Showing posts with label Barron's Bakery. Show all posts
Showing posts with label Barron's Bakery. Show all posts

Monday, April 13, 2015

On The Bus Bia Tour


On The Bus Bia Tour
Cheese, Ice-Cream, Bread
Wheels of fresh cheese, waiting to be stored.

It is ten o’clock on an April Saturday morning and we’re on the Bus Bia, heading into the countryside north of Dungarvan. The Bus Bia (Food Bus) is just one element in a packed weekend of activities organised by the West Waterford Festival of Food. We’re on the Blackwater tour and there are two other tours to different areas.
In the sunshine, we pass the house of famous local chef Eunice Power and the memorial to the renowned racing greyhound Master McGrath. Soon we are in Cappoquin. For a while we follow the spectacular Blackwater River, its big houses Dromana and Camphire standing proud, before cutting off deeper into the countryside for the farming area known as Knockanore. 
Bus passengers at Knockanore Cheese

First call is to the Knockanore Cheese company where we are greeted by Donal. They have 120 cows milking here. The milk is left unpasteurized and none is bought in. He tells us they make cheese in six flavours. The most popular is their Smoked version though the Black Pepper Cheese is well up there as well. They smoke it themselves, two weeks with oak-wood.
It is a long day in the dairy, from about 6.30am to 4.30pm. They process over twelve hundred gallons three times a week, producing about 190 wheels a batch. Each wheel weighs 2.8 kilograms. The cheese is then stored for around six months before being sold on at home and abroad (including Denmark, California and New York).
Tom Baldwin

They have grown the business gradually but now are in the throes of expanding their facilities at Knockanore, concentrating on more refrigeration and a bigger cutting area. Around six people are involved in the operation that was started in 1987 by Eamonn Lonergan who is still at the helm. The range is widely available and is stocked in SuperValu shops.

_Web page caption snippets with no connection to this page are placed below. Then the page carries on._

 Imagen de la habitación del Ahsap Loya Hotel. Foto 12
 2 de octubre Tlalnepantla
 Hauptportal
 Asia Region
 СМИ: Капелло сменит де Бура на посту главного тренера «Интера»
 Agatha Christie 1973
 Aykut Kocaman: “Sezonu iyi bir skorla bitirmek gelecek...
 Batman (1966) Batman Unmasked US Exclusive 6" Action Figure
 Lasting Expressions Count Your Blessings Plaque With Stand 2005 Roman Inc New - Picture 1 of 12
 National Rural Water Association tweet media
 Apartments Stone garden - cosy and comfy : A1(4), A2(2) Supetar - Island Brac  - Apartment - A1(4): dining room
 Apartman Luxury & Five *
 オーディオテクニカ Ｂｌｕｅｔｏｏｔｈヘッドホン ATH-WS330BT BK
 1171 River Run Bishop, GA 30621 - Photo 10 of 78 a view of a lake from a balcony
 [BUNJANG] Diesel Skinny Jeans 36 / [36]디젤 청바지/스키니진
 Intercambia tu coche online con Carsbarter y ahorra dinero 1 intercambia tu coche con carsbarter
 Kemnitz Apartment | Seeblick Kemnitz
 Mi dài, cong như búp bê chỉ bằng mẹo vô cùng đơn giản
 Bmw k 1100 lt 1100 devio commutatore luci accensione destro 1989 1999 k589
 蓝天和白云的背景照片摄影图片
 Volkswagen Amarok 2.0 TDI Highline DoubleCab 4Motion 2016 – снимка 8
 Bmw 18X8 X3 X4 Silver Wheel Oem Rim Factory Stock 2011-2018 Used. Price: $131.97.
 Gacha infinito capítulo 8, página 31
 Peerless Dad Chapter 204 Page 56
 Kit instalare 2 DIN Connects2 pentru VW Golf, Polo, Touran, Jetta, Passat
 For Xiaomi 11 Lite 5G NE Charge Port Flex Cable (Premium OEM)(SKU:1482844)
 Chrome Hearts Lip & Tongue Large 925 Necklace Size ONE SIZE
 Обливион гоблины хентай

Baldwins are neighbours of the Lonergans and here we were greeted by Tom. Tom found himself with a conundrum in around 2005, whether to move from farming or whether to add on an enterprise to the existing farm which was being smoothly run by the family in any case. Inspired by Eamonn Lonergan he took a course in ice-cream making and started the Baldwin Ice-Cream business.


“We make ice-cream the traditional way. Sarah (who plays a similar role at Lonergan’s) does production for me two days a week. The eggs used are free-range, and all ingredients are natural. We sell to cafes, restaurants, hotels, retail. We pride ourselves on the unique quality and that comes out in the product.”

It is all manual work “at the moment”. “It suits me, is very flexible. For instance, if a chef wants a particular small order, we can do that special.”

Esther Barron
 The ice-cream enterprise has seen the dairy herd grow from 50 cows to some 100 plus. He still delivers direct to the customers: “We have no central distributor. I’m happy the way I'm going as it is a sustainable model. Most of our customers are in Waterford and Cork and we have built a good reputation.”


Back then to the bus and we retraced our journey to Cappoquin. Here we stopped at Barron’s Bakery which has been operating for five generations, serving only the local community (up to an 11 mile radius) for all those years. Esther Barron was our passionate host at the oldest bakery in Ireland and she underlined the importance of spending locally.

Oven closed
 They have 12 employed nowadays and bake during the night, using the amazing old-fashion Scotch Brick ovens. Bread-making here is a slow process but the bread is all the better for it. The bread is two hours in the making before it even gets to the oven whereas a factory process take only 20 minutes. “Hand-moulded bread is always more flavoursome. The bread can't be rushed. My father used to say ‘the art of bread-making is beyond science’”.


The bakery was established in 1887 and is one of the last bakeries in Ireland that still uses the Scotch Brick ovens. These give the bread an unique taste, flavour and crust as we found out for ourselves thanks to a parting gift of a Waterford bla from Esther and Joe.
A great half day on the bus, all for 15 euro. Put it in your diary for next year!